L’une des raisons de ce choix tactique était que l’administration des Eaux et Forêts avait bien peu de moyens juridiques et financiers à sa disposition pour lancer et assurer des actions réelles de conservation sur le terrain en dehors des forêts domaniales ; et les richesses naturelles - on dirait aujourd’hui la « biodiversité » - du pays étaient mal connues.

En 1955, dans le but, justement, de sensibiliser le public, le Muséum National d’Histoire Naturelle organisa une exposition intitulée L’Homme contre la nature qui remporta un très grand succès et, avant de devenir itinérante, resta plusieurs années en tête de classement pour le nombre de visiteurs qu’elle attira. Dans la foulée, le Muséum créa une chaire d’écologie générale et de la protection de la nature et, en 1962, toujours à l’initiative de son directeur, Roger Heim, mettra en place un service de conservation de la nature confié à Georges Tendron.

Quant à la SNPN, l’ancienne société zoologique d’acclimatation, vénérable institution à caractère scientifique du XIXe siècle, qui avait eu ses heures de gloire durant la période coloniale, lorsque ses travaux scientifiques étaient orientés vers l’introduction et la domestication d’animaux exotiques, elle allait entreprendre sa seconde mue après la première qu’elle avait amorcée au tournant du XXe siècle, en orientant déjà certaines de ses activités vers la protection de la nature ; activités et actions qu’elle développera après la guerre, jusque dans les années 1930. Elle va se relancer avec l’arrivée à sa présidence en 1952, de Roger de Vilmorin (1905-1980), descendant de la célèbre famille de botanistes et semenciers.

Sous sa férule et celle de son fils, Jean-Baptiste, qui en devient le directeur en 1959, la SNPN rénove ses pratiques et son action. Fort de sa notoriété et de ses appuis, et conscient par l’expérience qu’il avait acquise en parcourant la planète, que le monde était en train de changer, Roger de Vilmorin entreprit de faire de même avec la « vielle dame » qui était alors isolée et n’était plus écoutée des décideurs politiques. Ils lui firent progressivement - car il y avait des résistances internes - modifier son image, et ils la sortirent de son isolement, n’hésitant pas à rechercher le dialogue avec les responsables de l’aménagement du territoire, bêtes noires honnies des protecteurs de la nature. Pour lui faire mettre l’accent sur les activités de protection, ils finirent par obtenir, en 1960, qu’elle modifiât son nom en inversant l’ordre des mots, plaçant « protection » en premier, et « acclimatation » en second.

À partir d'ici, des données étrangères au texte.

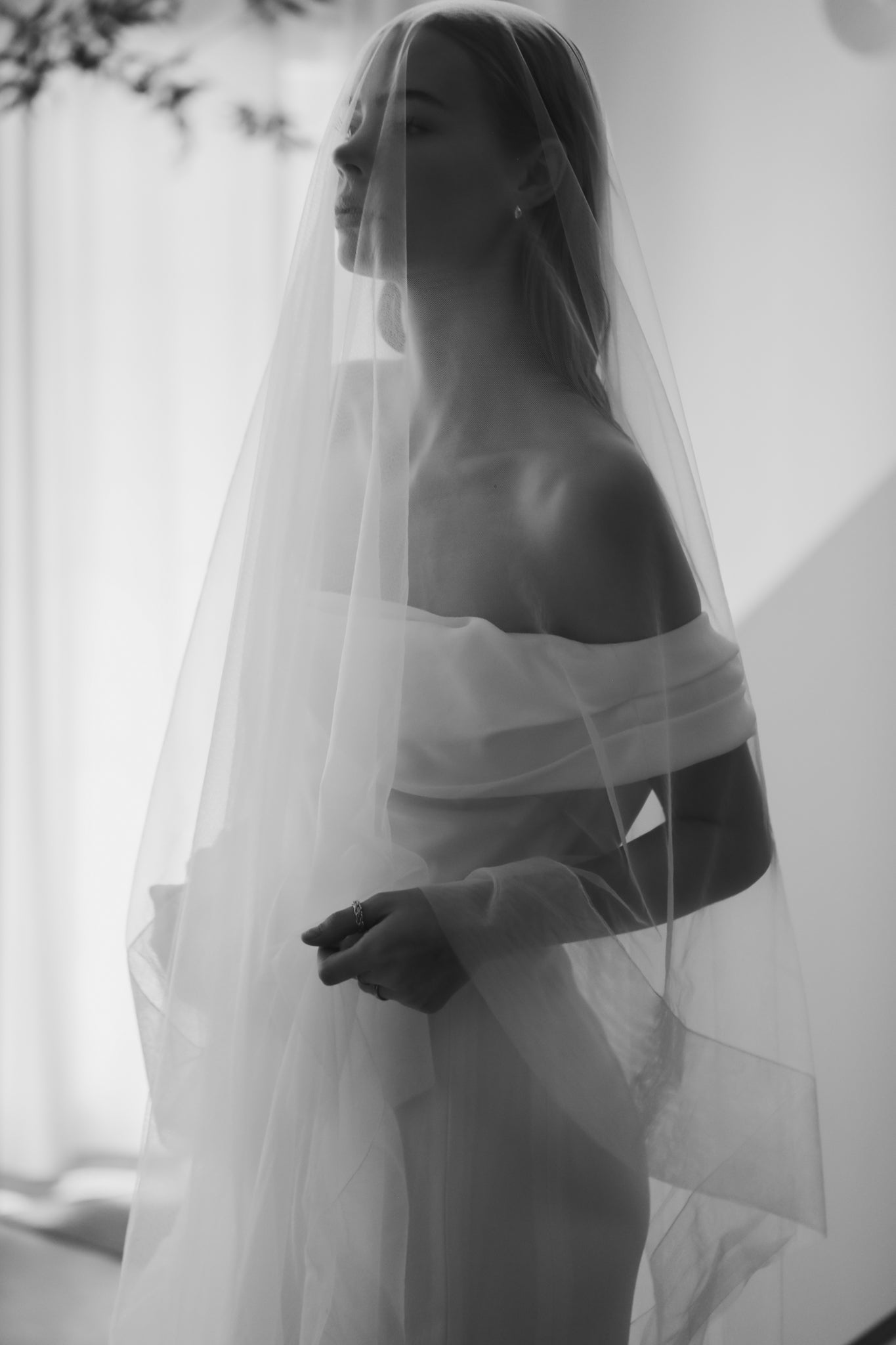 Bride wearing tulle edged wedding veil with blusher on white background by A.B. Ellie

De même, usant de sa proximité avec André Malraux, qui était alors ministre de la Culture, et sensible à la nature et à sa préservation, Roger de Vilmorin plaida auprès de lui la nécessité, qu’il voyait, de relancer l’idée de protéger de grands espaces de nature en montagne, à l’instar de ce qui s’était déjà fait dans de nombreux pays. Il concourra ainsi à faire adopter la législation sur les parcs nationaux de 1960 et entraîna la SNPN à soutenir le projet de loi et les projets de parcs nationaux, dont celui de Port-Cros.

La société faisait paraître depuis 1931, à destination des spécialistes la revue scientifique La Terre et la Vie, sous-titrée Revue d’Histoire Naturelle. Lors de l’adoption de son nouveau nom en 1960, elle en profita pour changer le sous-titre en Revue d’écologie appliquée à la conservation de la nature, signifiant ainsi son changement d’orientation.

Dans le même état d’esprit, le tandem Vilmorin voulut aussi que la société se tournât vers le grand public pour communiquer, l’informer sur la nature et les enjeux de sa protection. Ils eurent l’idée de publier une revue bimestrielle, Le Courrier de la Nature, ayant aussi pour objet de constituer un lien entre ses membres. Le premier numéro servit d’ailleurs de guide de l’exposition sur la protection de la nature que la SNPN organisa au sein du Salon international de la Nature dans le cadre de la Foire de Paris de 1961. Dès les premiers numéros, pour initier les lecteurs à la science écologique, le professeur Pierre Aguesse, y publia une série d’articles intitulés : « Qu’est-ce que l’écologie ? »

Au cours de cette décennie des années 1950, plus encore dans celle des années 1960, dans cette France des Trente Glorieuses qui voyait s’ouvrir des chantiers d’aménagement un peu partout dans l’Hexagone, faisant naître des contestions en raison des dégâts potentiels ou occasionnés, le mouvement en faveur de la connaissance et de la protection de la nature pris de l’ampleur, se régionalisa et se structura. C’est ainsi que se créèrent les premières associations de protection : la Société pour d’Étude et la Protection de la Nature en Bretagne (SEPNB) [3] à l’initiative de Michel Hervé Julien, associé à Albert Lucas en 1958, fut l’une des toutes premières. De nombreuses autres sociétés, généralistes ou spécialisées, virent le jour à cette occasion mais elles avaient du mal à communiquer entre elles et à coordonner leurs actions. La SNPN fut la première à lancer un appel à l’union des protecteurs à l’initiative de son nouveau président, François Hüe, en 1967, dans un numéro du Courrier de la nature et elle ouvrit dans la foulée les colonnes de la revue aux autres sociétés. Un an plus tard, dix-huit de ces sociétés se constituaient avec la SNPN en Fédération Nationale des Sociétés de Protection de la Nature (FFSPN), laquelle changea son nom d’origine pour France Nature Environnement en 1990.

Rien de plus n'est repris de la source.